- Venue: Beijing National Aquatics Center
- Dates: 15 September
- Competitors: 13 from 10 nations
- Winning time: 35.60

Medalists
- 1st place, gold medalist(s):  / Mirjam de Koning-Peper / Netherlands
- 2nd place, silver medalist(s):  / Doramitzi Gonzalez / Mexico
- 3rd place, bronze medalist(s):  / Natalie Jones / Great Britain

= Swimming at the 2008 Summer Paralympics – Women's 50 metre freestyle S6 =

The women's 50m freestyle S6 event at the 2008 Summer Paralympics took place at the Beijing National Aquatics Center on 15 September.
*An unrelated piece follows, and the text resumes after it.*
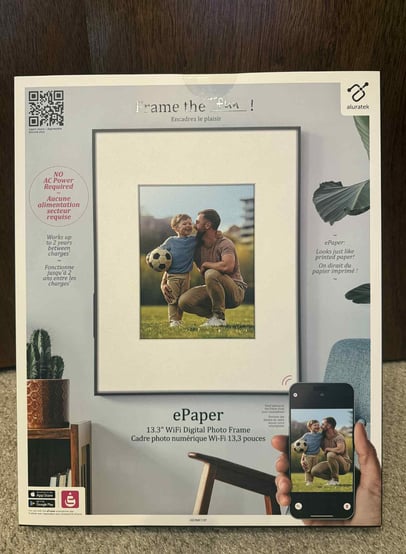 The Alarutek ePaper 13.3" Wi-Fi Digital Photo Frame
There were two heats; the swimmers with the eight fastest times advanced to the final.

==Results==

===Heats===
Competed from 10:18.

====Heat 1====

| Rank | Name | Nationality | Time | Notes |
|---|---|---|---|---|
| 1 | Natalie Jones | Great Britain | 38.13 | Q |
| 2 | Doramitzi Gonzalez | Mexico | 38.20 | Q |
| 3 | Miranda Uhl | United States | 39.20 | Q |
| 4 | Sarah Rose | Australia | 40.90 |  |
| 5 | Casey Johnson | United States | 41.95 |  |
|  | Jiang Fuying | China |  | DQ |

====Heat 2====

| Rank | Name | Nationality | Time | Notes |
|---|---|---|---|---|
| 1 | Mirjam de Koning-Peper | Netherlands | 36.38 | Q |
| 2 | Erika Nara | Japan | 37.46 | Q |
| 3 | Eleanor Simmonds | Great Britain | 38.39 | Q |
| 4 | Maria Goetze | Germany | 38.70 | Q |
| 5 | Elizabeth Johnson | Great Britain | 39.71 | Q |
| 6 | Luo Alice Hsiao Hung | Chinese Taipei | 44.42 |  |
|  | Inbal Schwartz | Israel |  | DNS |

===Final===
Competed at 19:30.

| Rank | Name | Nationality | Time | Notes |
|---|---|---|---|---|
| 1st place, gold medalist(s) | Mirjam de Koning-Peper | Netherlands | 35.60 | WR |
| 2nd place, silver medalist(s) | Doramitzi Gonzalez | Mexico | 36.52 |  |
| 3rd place, bronze medalist(s) | Natalie Jones | Great Britain | 37.21 |  |
| 4 | Maria Goetze | Germany | 37.28 |  |
| 5 | Eleanor Simmonds | Great Britain | 37.77 |  |
| 6 | Erika Nara | Japan | 38.32 |  |
| 7 | Miranda Uhl | United States | 39.14 |  |
| 8 | Elizabeth Johnson | Great Britain | 39.41 |  |

Q = qualified for final. WR = World Record. DQ = Disqualified. DNS = Did not start.